_Exercise_
Exact wording is needed for every line from the one holding "Will We Ever Speak Dolphin?, Mick O’Hare" to the end of the records below; write those lines out and omit the pictures.

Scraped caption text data
====================

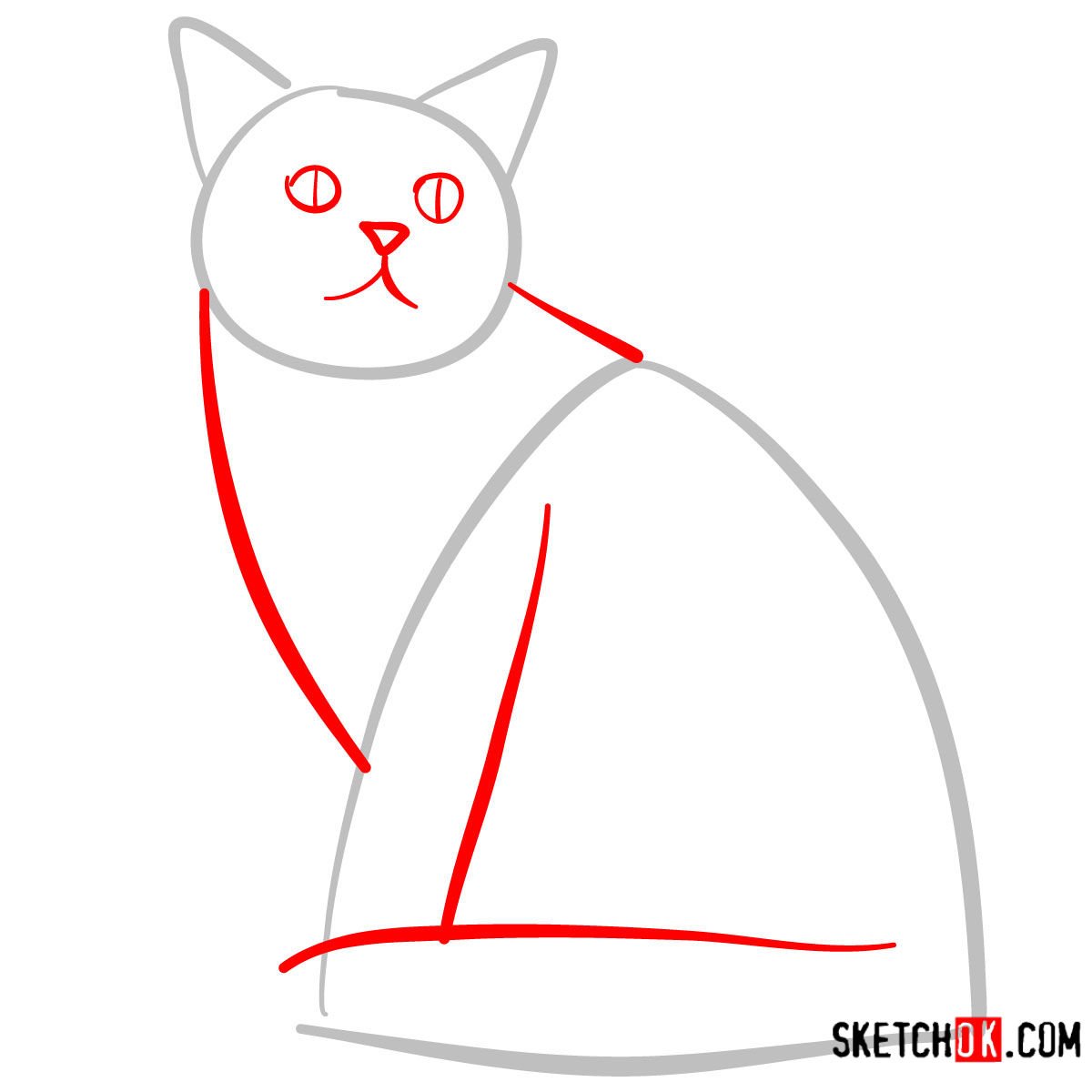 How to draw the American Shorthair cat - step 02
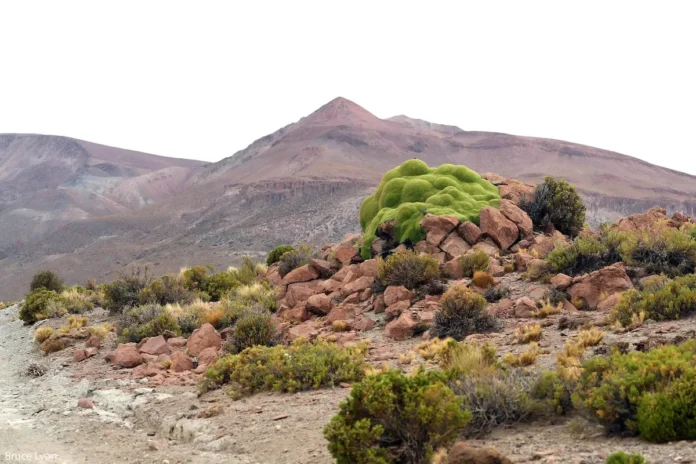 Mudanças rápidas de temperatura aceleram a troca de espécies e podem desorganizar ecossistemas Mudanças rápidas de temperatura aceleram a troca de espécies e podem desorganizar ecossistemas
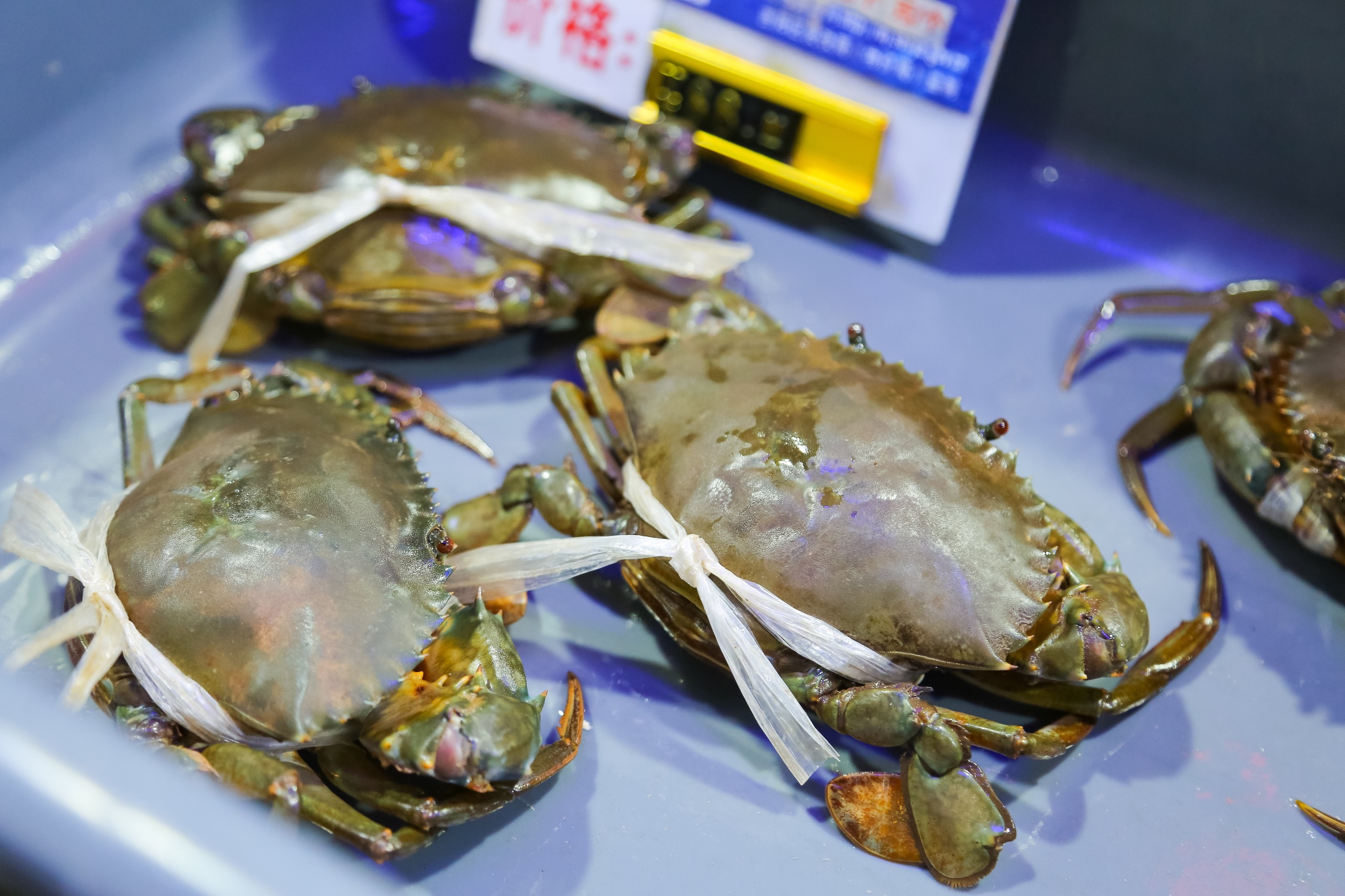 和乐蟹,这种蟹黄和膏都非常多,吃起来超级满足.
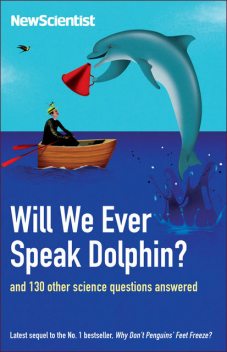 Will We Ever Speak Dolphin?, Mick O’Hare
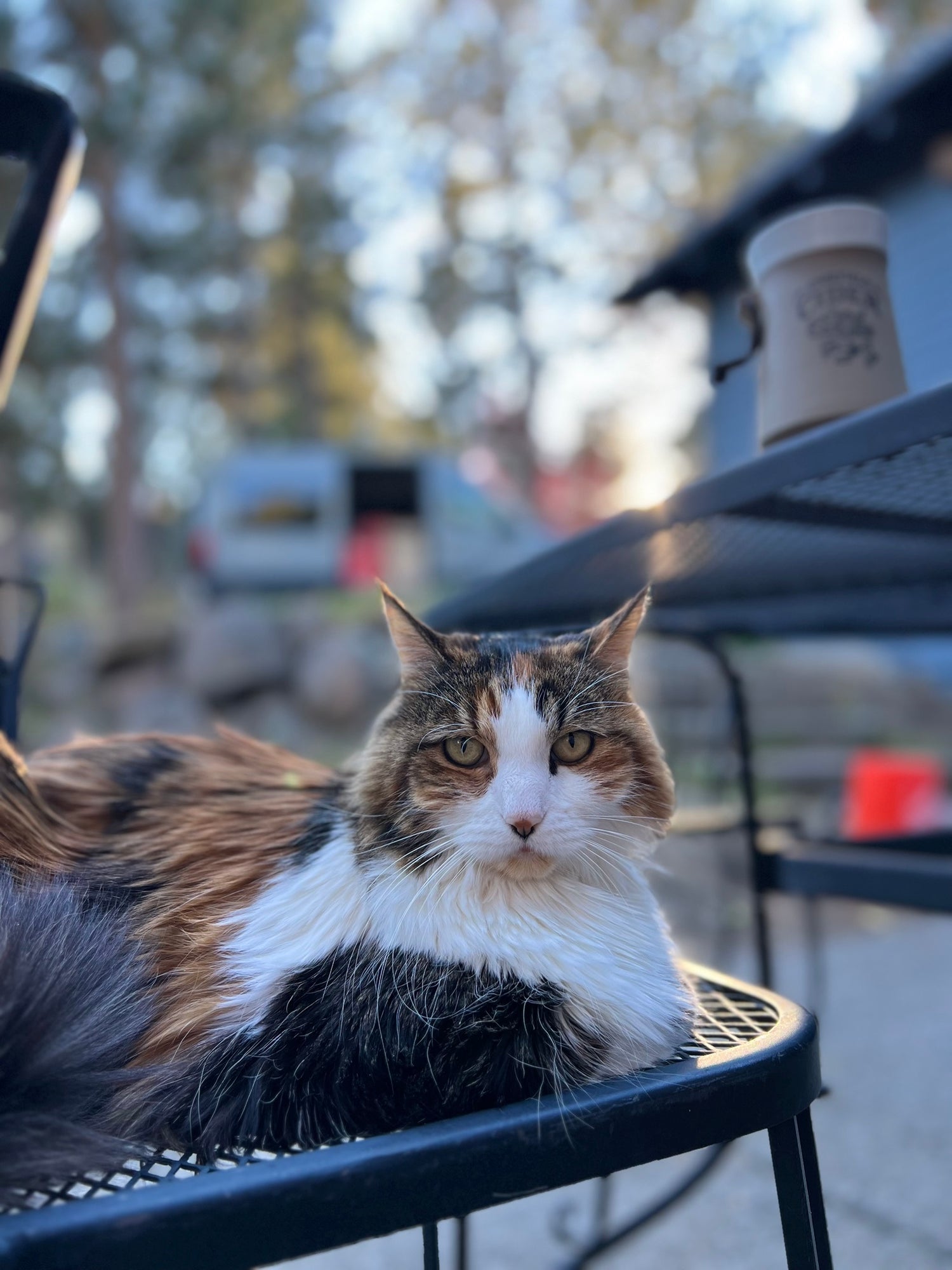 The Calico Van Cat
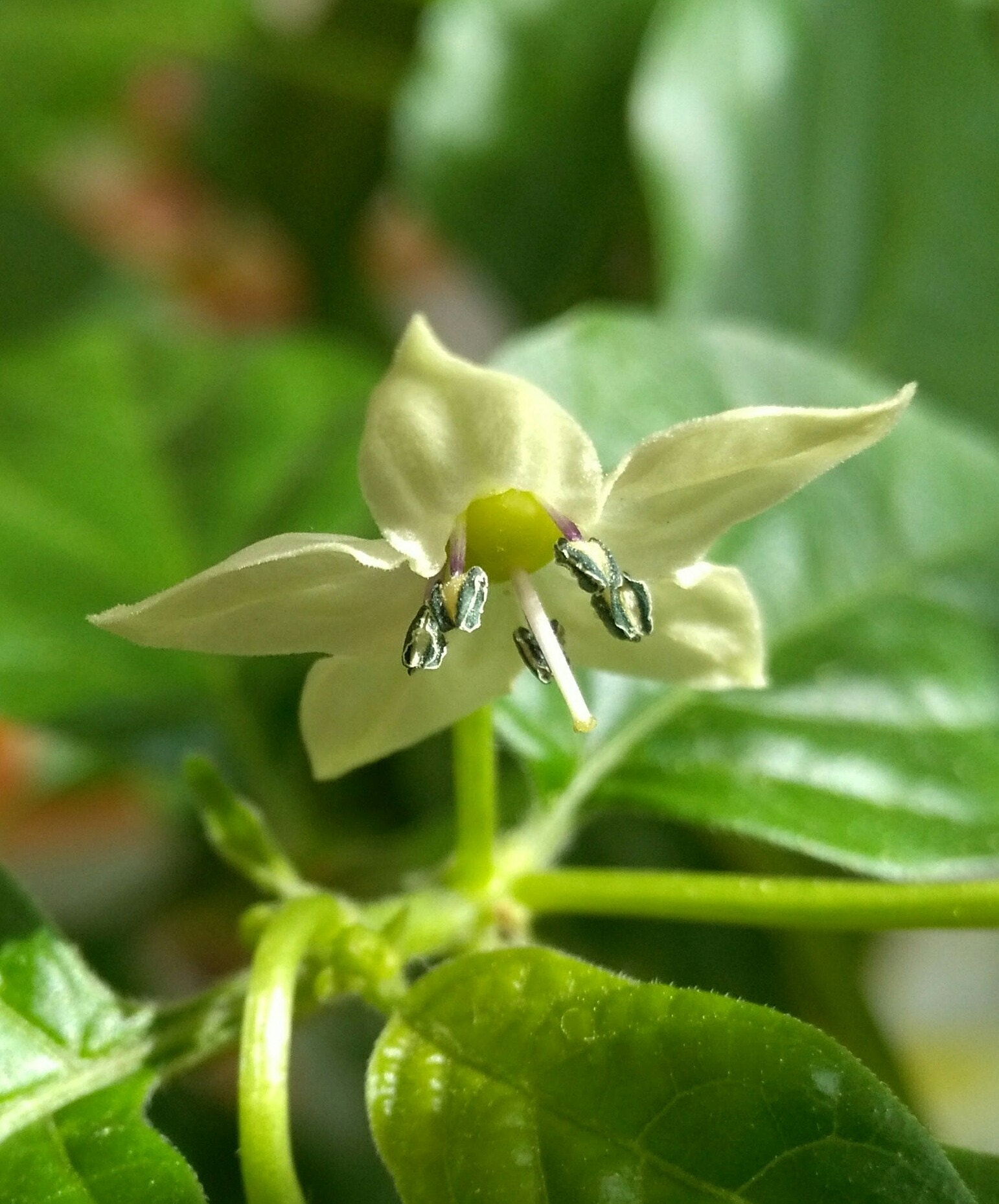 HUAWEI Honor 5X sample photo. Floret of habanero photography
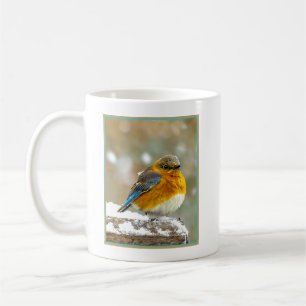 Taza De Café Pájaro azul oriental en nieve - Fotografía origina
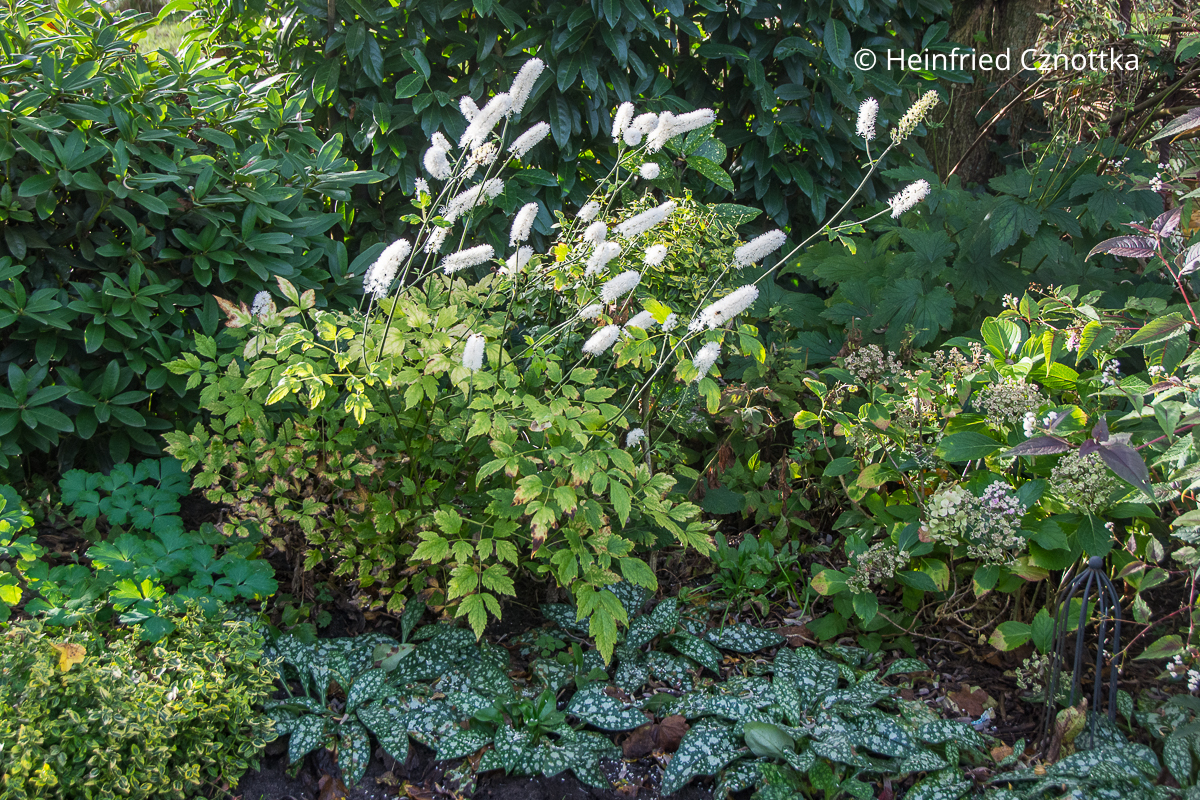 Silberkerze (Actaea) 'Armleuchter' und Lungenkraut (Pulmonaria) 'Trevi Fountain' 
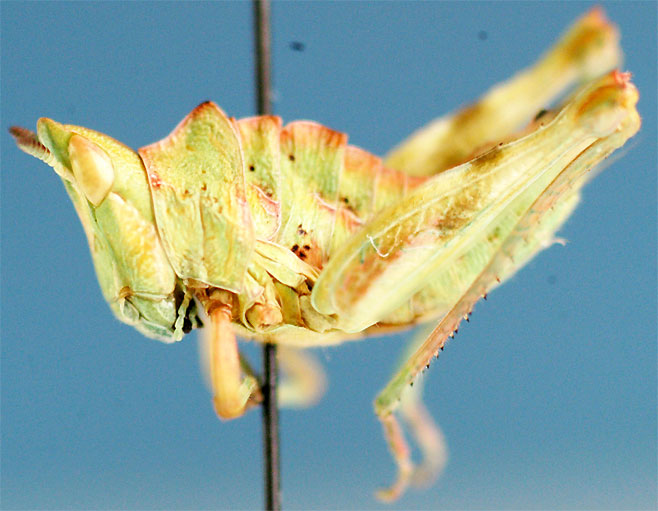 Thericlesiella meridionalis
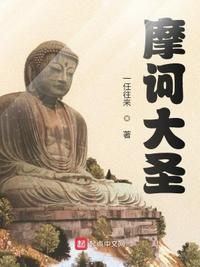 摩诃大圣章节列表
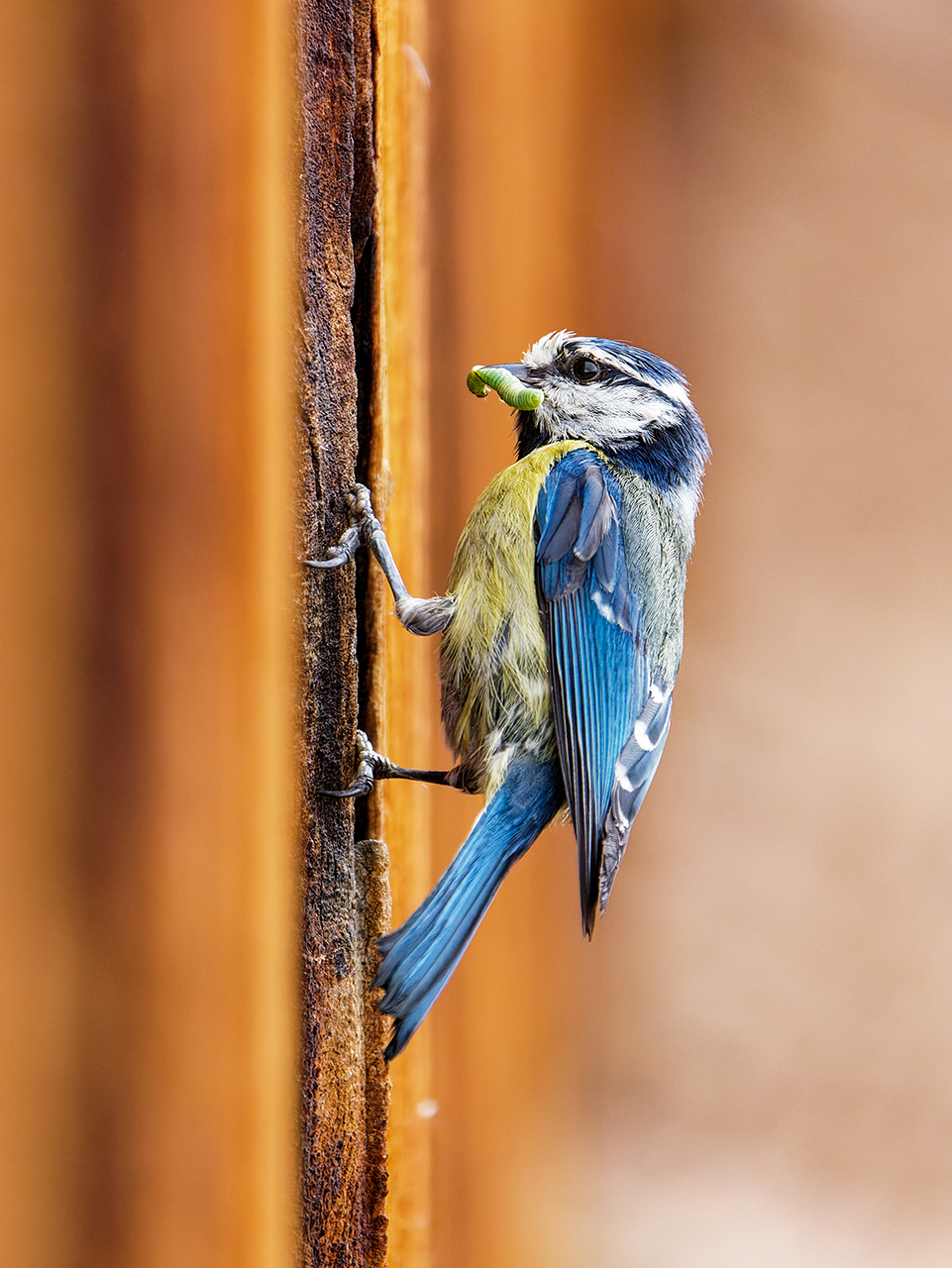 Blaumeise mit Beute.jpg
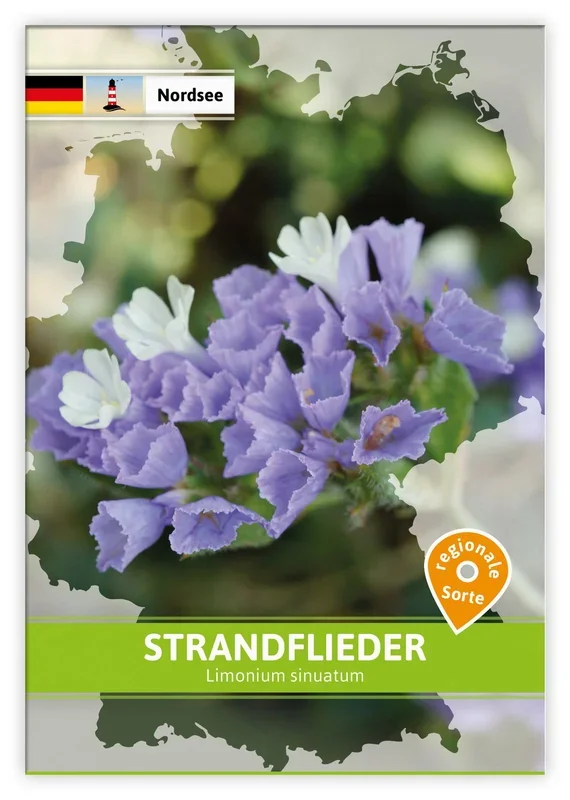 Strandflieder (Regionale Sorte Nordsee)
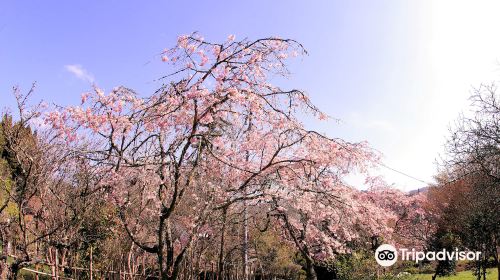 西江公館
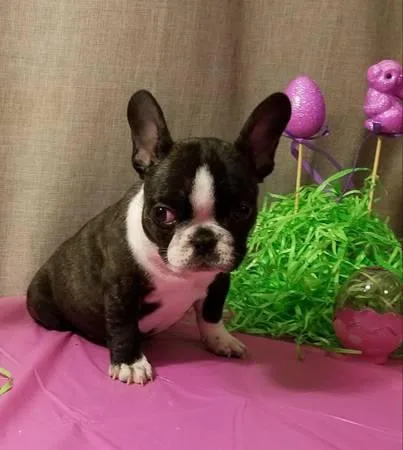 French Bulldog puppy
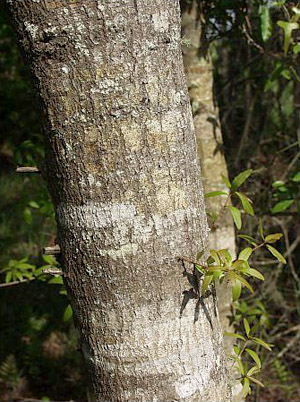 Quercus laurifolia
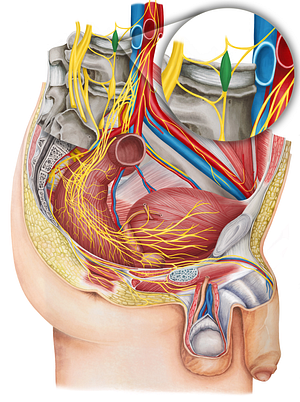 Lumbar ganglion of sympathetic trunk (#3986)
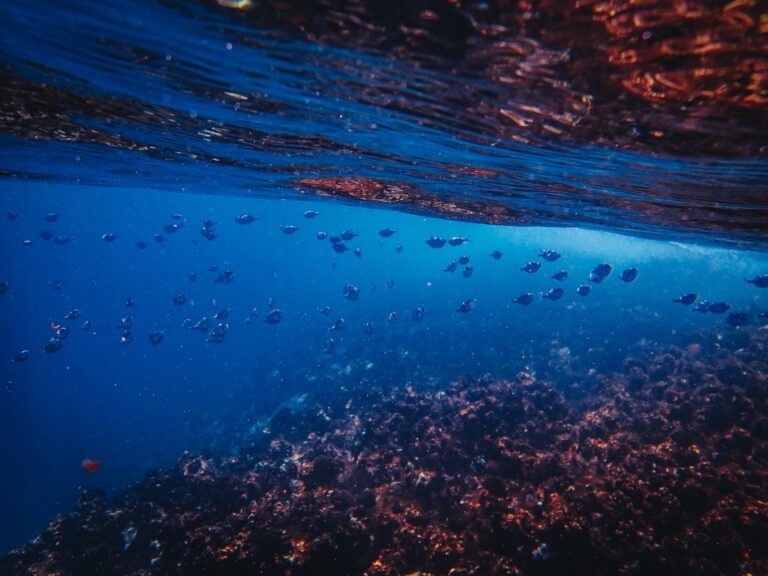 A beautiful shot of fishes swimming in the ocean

====================

_Response to this task_
 Will We Ever Speak Dolphin?, Mick O’Hare
 The Calico Van Cat
 HUAWEI Honor 5X sample photo. Floret of habanero photography
 Taza De Café Pájaro azul oriental en nieve - Fotografía origina
 Silberkerze (Actaea) 'Armleuchter' und Lungenkraut (Pulmonaria) 'Trevi Fountain' 
 Thericlesiella meridionalis
 摩诃大圣章节列表
 Blaumeise mit Beute.jpg
 Strandflieder (Regionale Sorte Nordsee)
 西江公館
 French Bulldog puppy
 Quercus laurifolia
 Lumbar ganglion of sympathetic trunk (#3986)
 A beautiful shot of fishes swimming in the ocean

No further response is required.